Dr. Robert Schrier is a nephrologist and Professor of Medicine at the University of Colorado School of Medicine, where he served as Chair of the Department of Medicine and Chief of the Kidney Division for more than 20 years. He is an expert in patient-oriented research on acute kidney injury, autosomal dominant polycystic kidney disease, hypertension, and diabetic nephropathy. Dr. Schrier has authored over 1,000 papers and several books and has been continuously funded by the NIH for 45 years. In an interview with JCI Editor-at-Large Ushma Neill, Schrier discusses his love of sports, his studies in Germany as a Fulbright scholar, his decision to go to medical school, and his entry into research at the Walter Reed Army Medical Center, where he became interested in kidney failure.
Craig Thompson, MD, president and CEO of Memorial Sloan Kettering Cancer Center, has made fundamental contributions to our understanding of how cells survive and replicate.
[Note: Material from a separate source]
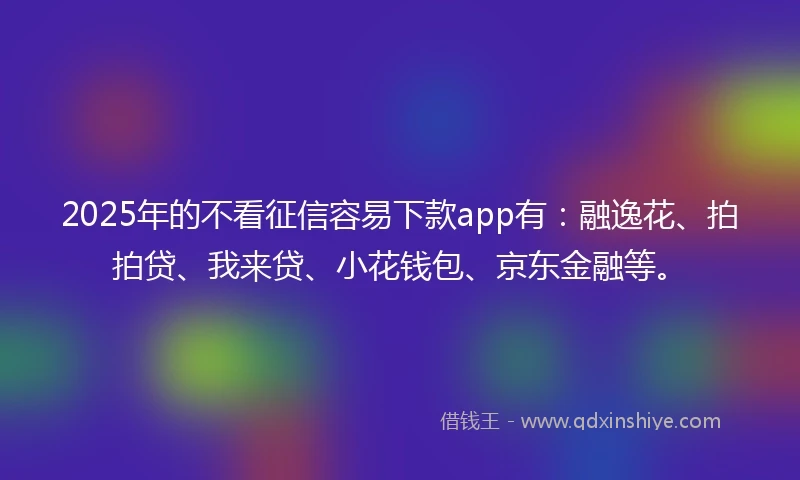 2025年的不看征信容易下款app有：融逸花、拍拍贷、我来贷、小花钱包、京东金融等。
His current research focuses on the role of metabolic pathways in tumorigenesis. In an interview with JCI Editor at Large Ushma Neill, Thompson discusses the evolution of his research focus. He initially studied platelet physiology while working at the Naval Blood Research Laboratory. Thompson then became a Howard Hughes Medical Institute Investigator studying the processes that regulate cell death and the mechanisms that shape lymphocyte development and immune homeostasis. After moving to the University of Pennsylvania, Thompson began to focus on the role of cellular metabolism in proliferation and survival when he found that elimination of apoptosis in mice did not completely regulate cellular survival. These processes have since been shown to play a critical role in cancer development and progression.
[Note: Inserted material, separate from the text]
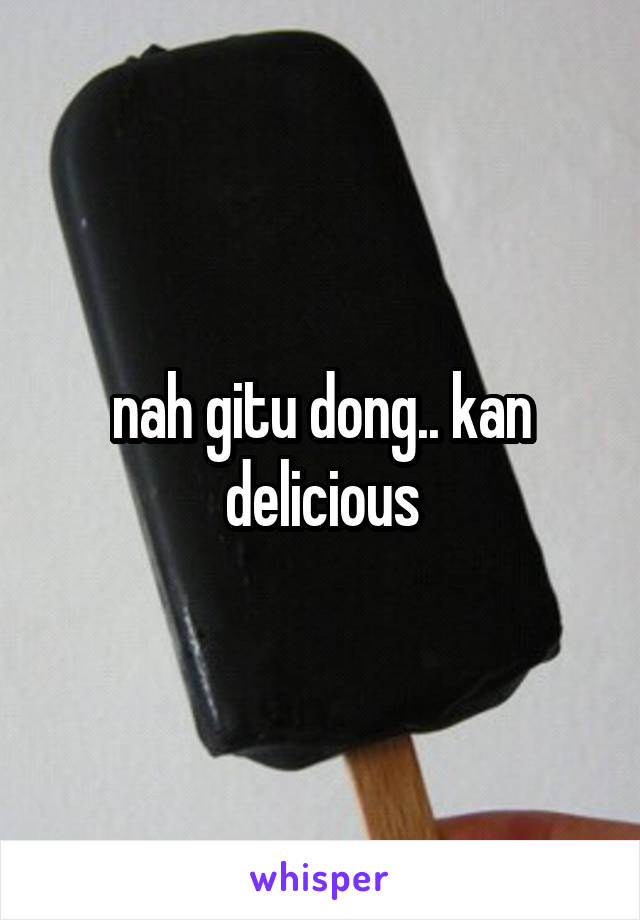 nah gitu dong.. kan delicious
William Paul, M.D., is the NIH Distinguished Investigator and Chief of the Laboratory of Immunology within the National Institute of Allergy and Infectious Diseases (NIAID). Paul discovered and characterized the cell signaling cytokine IL-4, demonstrating that IL-4 is required for B cell production of IgE, and determined the requirements for CD4+ T cell differentiation. In an interview with JCI Editor-at-Large Ushma Neill, Paul discusses his early research experiences, as well as the influence of Michael Heidelberger on his decision to study immunology. Paul began his training in immunology in Nobel laureate Baruj Benacerraf’s lab at New York University and then moved with Bennacerraf to the NIH in 1968, where he began to focus on T and B cell biology. His lab has served as a training ground for many noted immunologists, including Laurie Glimcher, Mark Davis, and Charlie Janeway.
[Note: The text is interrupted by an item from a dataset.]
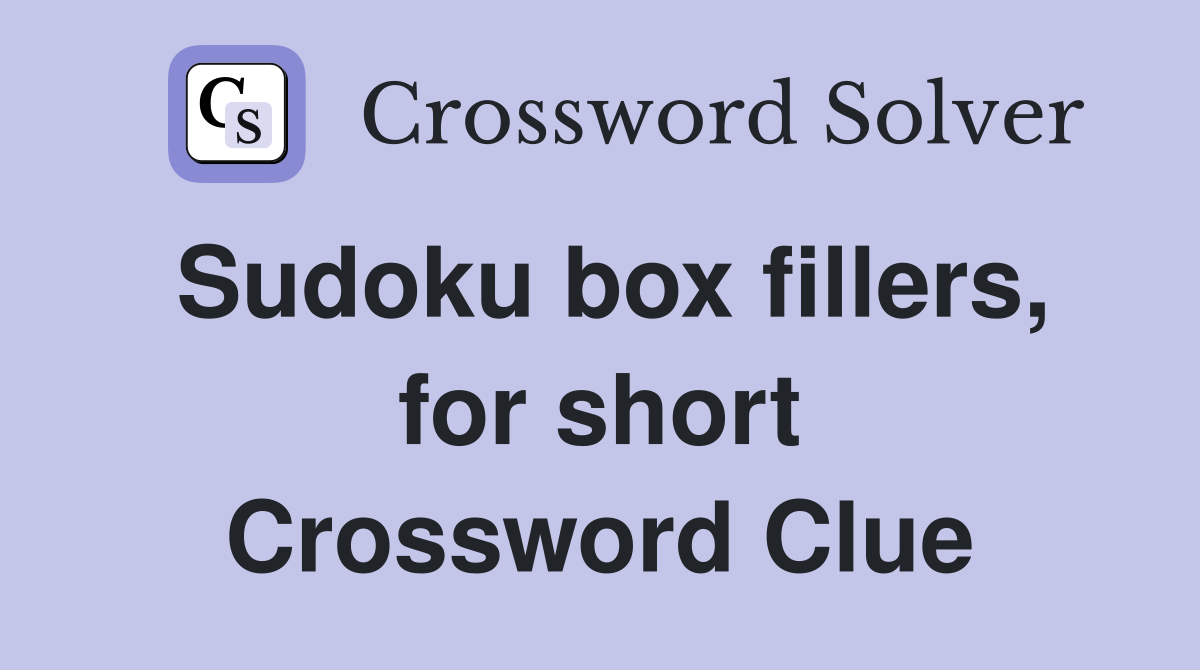 Sudoku box fillers, for short Crossword Clue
In the 1970s and '80s, James Rothman of Yale University bucked all advice on how to do scientific experiments and broke open cells in order to study the way that vesicles are transported. His discovery of the machinery that orchestrates the budding, fusion, and transport of vesicles is key to organelle formation, nutrient uptake, and the secretion of most hormones and neurotransmitters in the body. For this work, Rothman shared the 2013 Nobel Prize in Physiology or Medicine.